Study material:
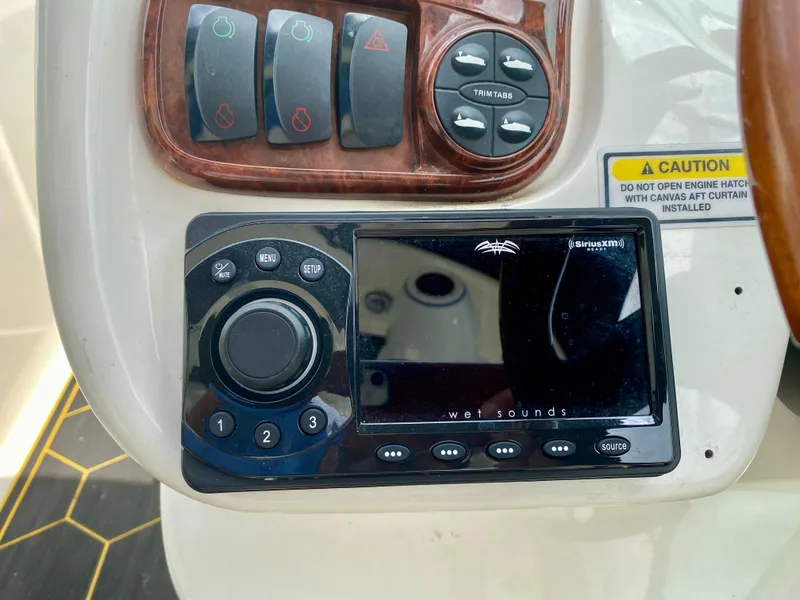 Slide: The Image of Control panel of a 2004 Sea Ray 290 SLX boat with audio system and caution label. - 15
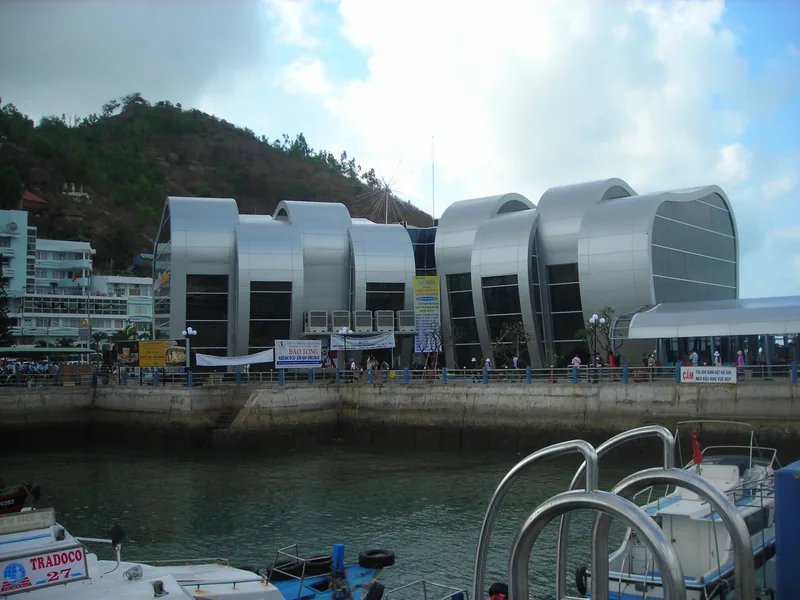 A modern silver, curved-roof ferry terminal building sits along the waterfront in Vung Tau, with boats moored in the.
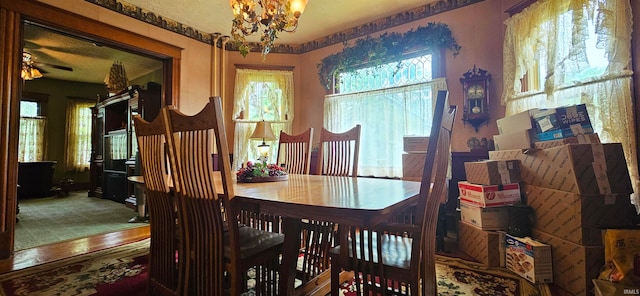 dining room with hardwood / wood-style flooring and ceiling fan with notable chandelier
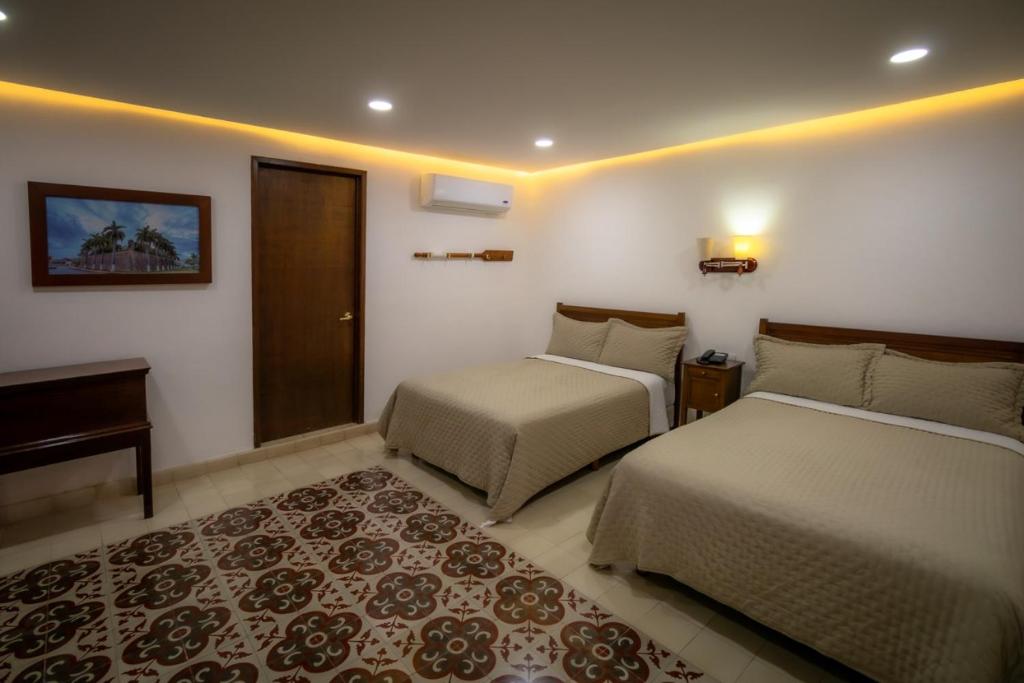 坎佩切航海家旅馆的一间卧室配有两张床、一张桌子和一张地毯。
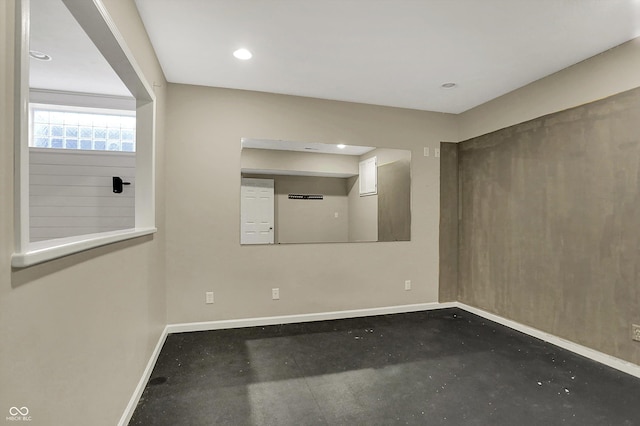 386 White Oak Ln, Greenwood, IN 46142 - unfurnished room with concrete floors, baseboards, and recessed lighting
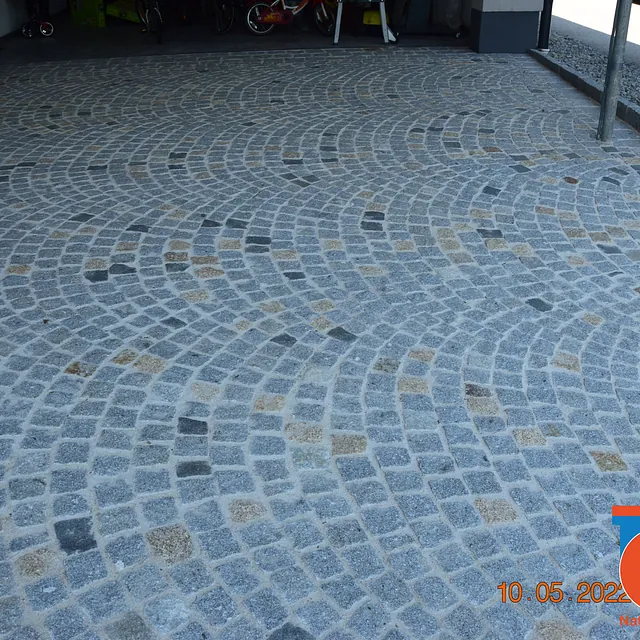 Exklusive Hauseinfahrt aus hellgrauem Granit Kleinpflaster mit dunkelgrauen und gelben Granitwürfeln in Katsdorf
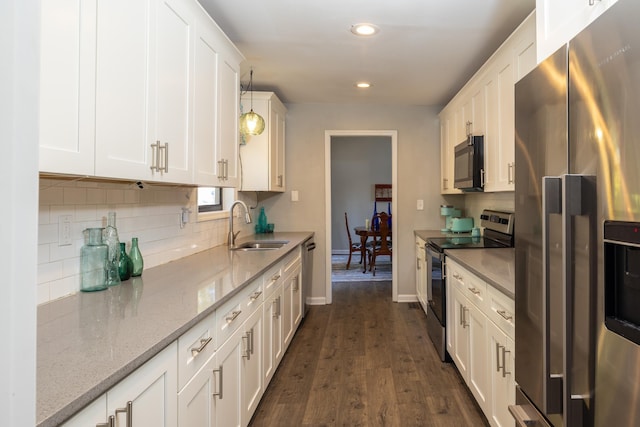 kitchen featuring sink, white cabinetry, appliances with stainless steel finishes, pendant lighting, and light stone countertops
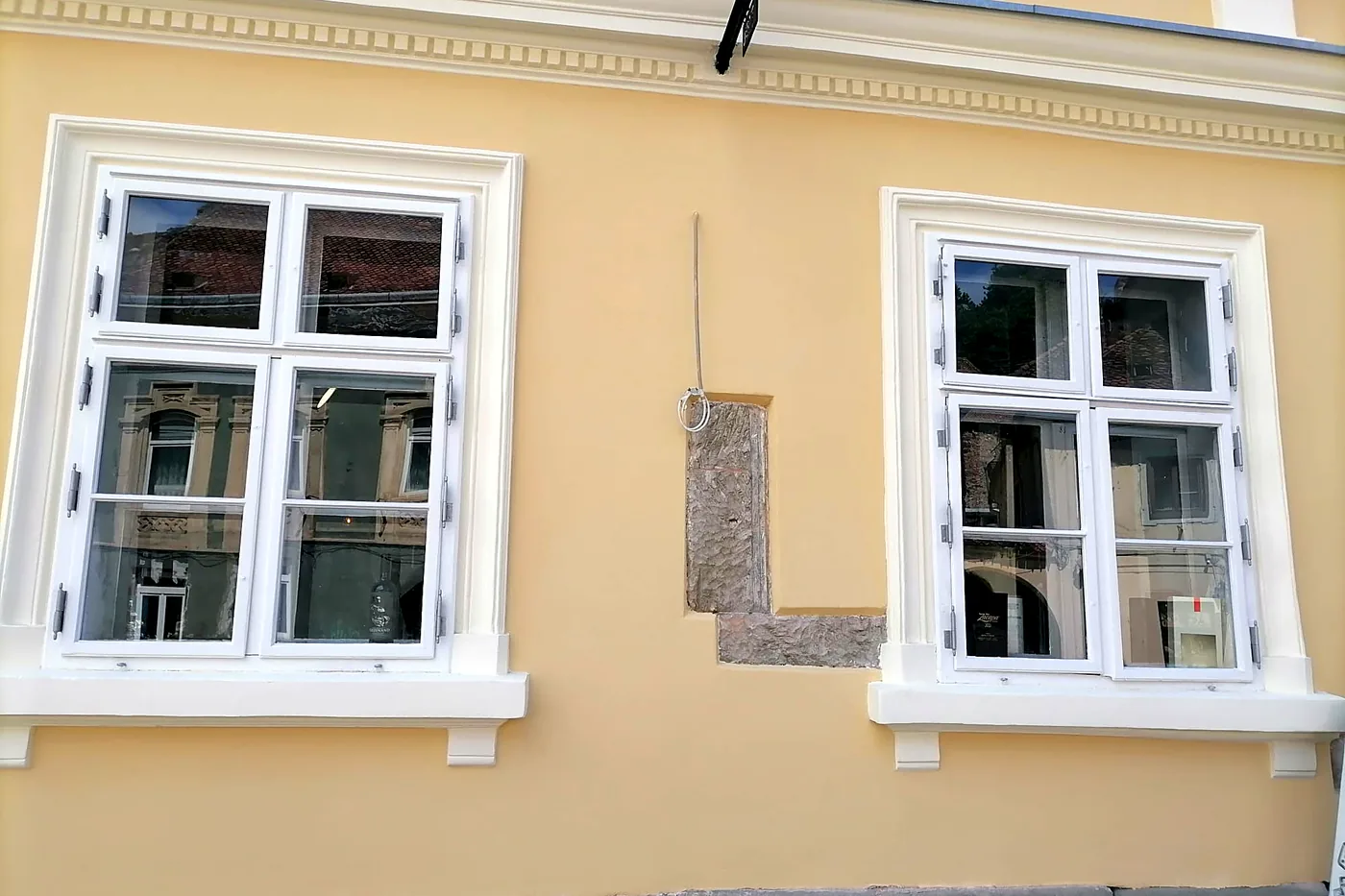 Zwei Erdgeschossfenster und ein im Putz freigelassenes Stück altes Steinmauerwerk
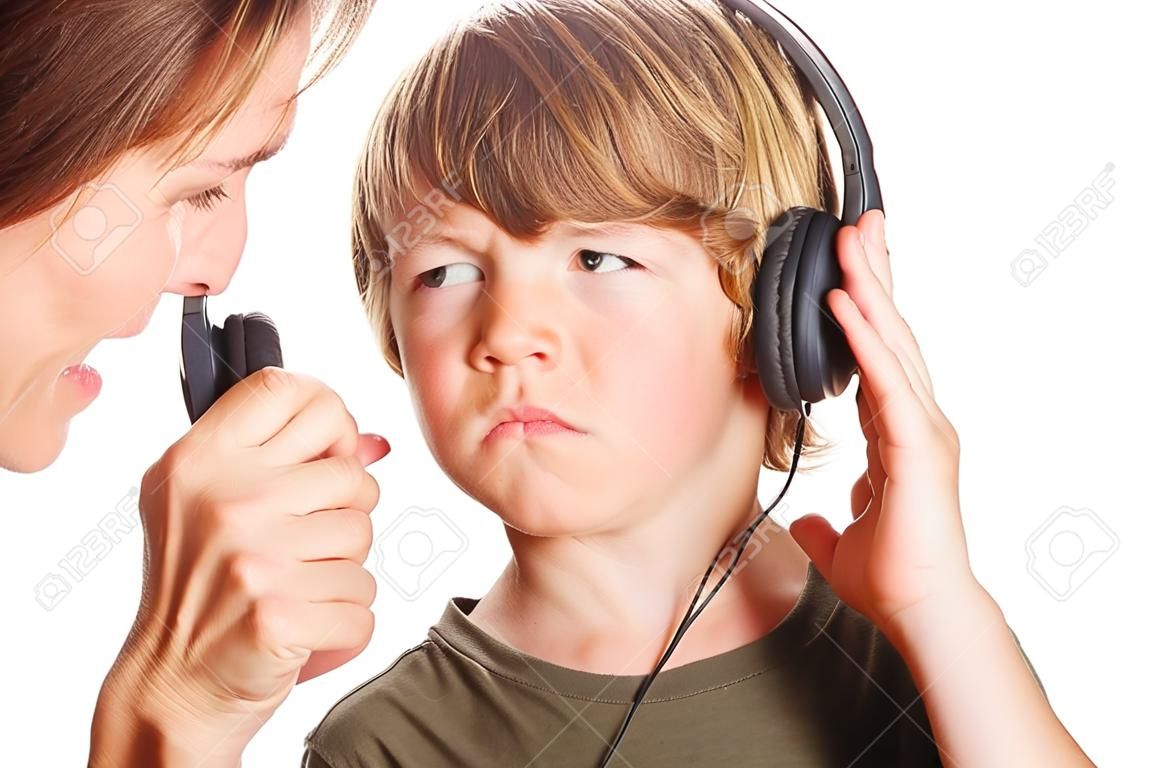 A mother pulls the headphone off of her son to tell him something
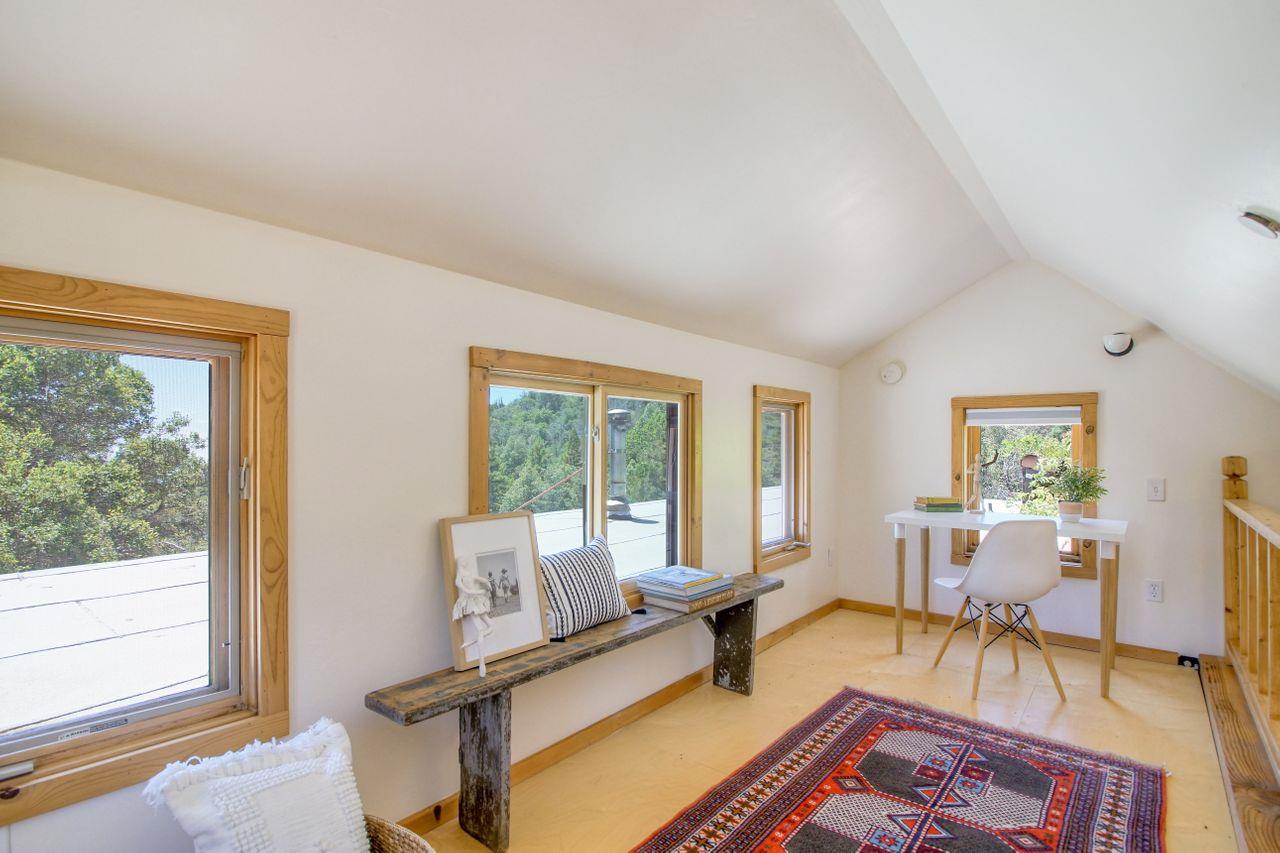 1069 Summit Road Watsonville, CA 95076 - Photo 50 of 50 a living room with furniture and a large window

What the task requires: Only the lines from the one containing "dining room with" through the last line of the entries above should be copied, exactly as they are and without the pictures.

Final answer:
 dining room with hardwood / wood-style flooring and ceiling fan with notable chandelier
 坎佩切航海家旅馆的一间卧室配有两张床、一张桌子和一张地毯。
 386 White Oak Ln, Greenwood, IN 46142 - unfurnished room with concrete floors, baseboards, and recessed lighting
 Exklusive Hauseinfahrt aus hellgrauem Granit Kleinpflaster mit dunkelgrauen und gelben Granitwürfeln in Katsdorf
 kitchen featuring sink, white cabinetry, appliances with stainless steel finishes, pendant lighting, and light stone countertops
 Zwei Erdgeschossfenster und ein im Putz freigelassenes Stück altes Steinmauerwerk
 A mother pulls the headphone off of her son to tell him something
 1069 Summit Road Watsonville, CA 95076 - Photo 50 of 50 a living room with furniture and a large window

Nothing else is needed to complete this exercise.